§ **DIRECTIONS**: Give back exactly the lines from the one that holds "Photo - 315 Fairview St Unit A" through the final line of the data; omit the pictures and add nothing.

§ **PROVIDED RECORDS**:
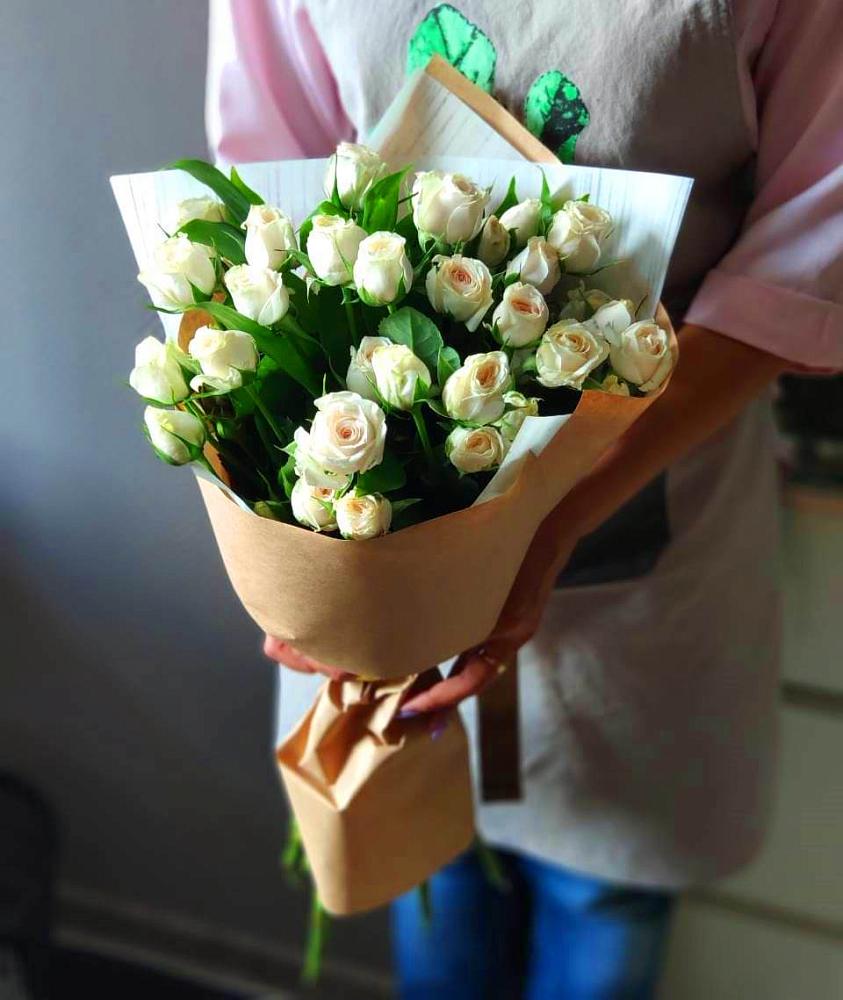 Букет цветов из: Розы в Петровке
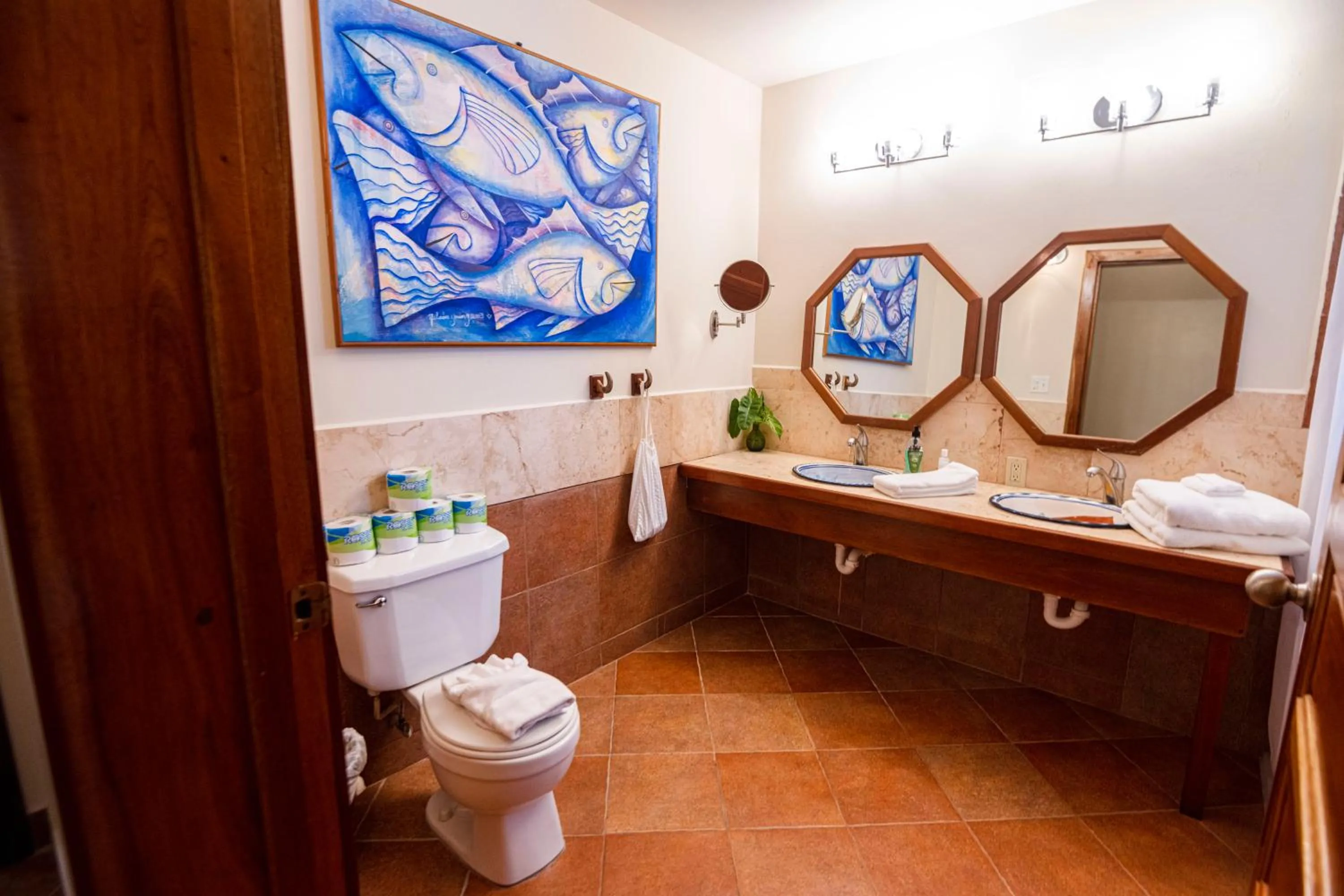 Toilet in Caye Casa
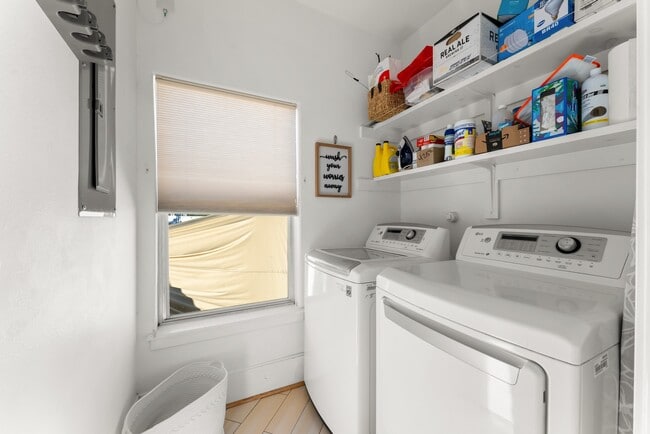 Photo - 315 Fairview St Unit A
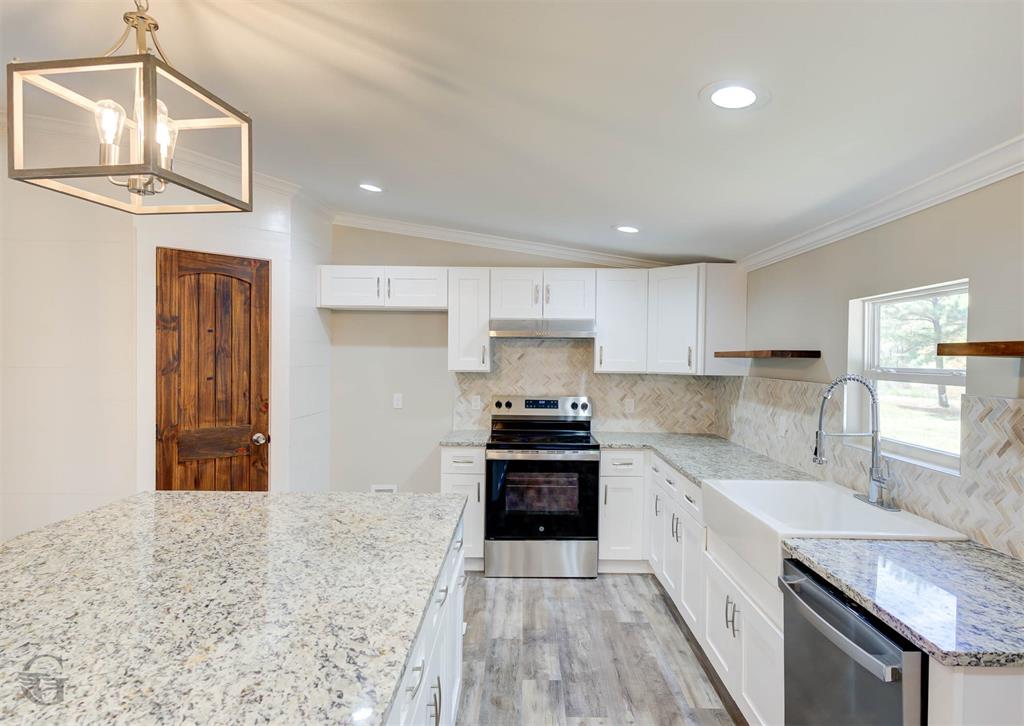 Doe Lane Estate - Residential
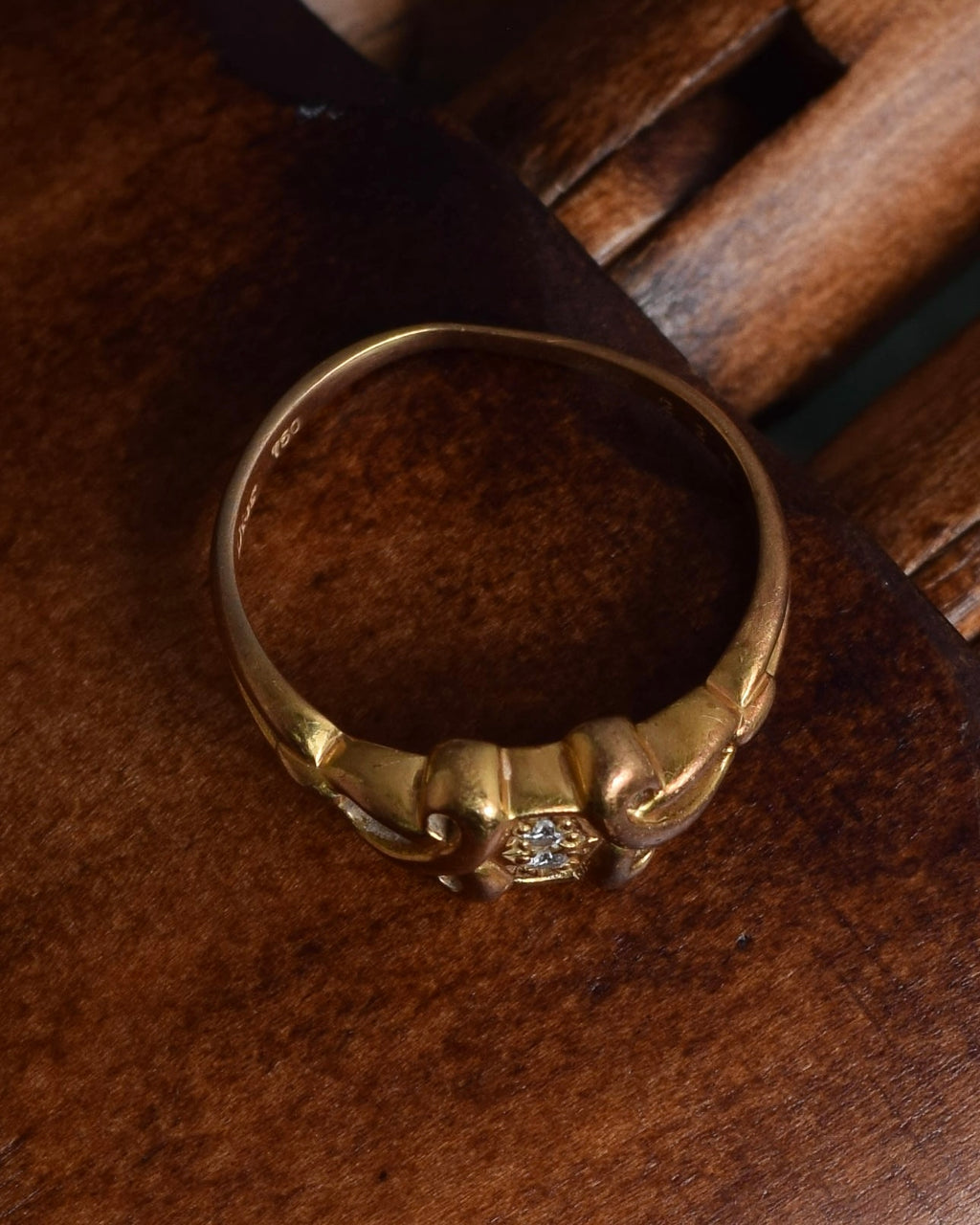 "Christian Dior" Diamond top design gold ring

§ **OUTPUT BELOW**:
 Photo - 315 Fairview St Unit A
 Doe Lane Estate - Residential
 "Christian Dior" Diamond top design gold ring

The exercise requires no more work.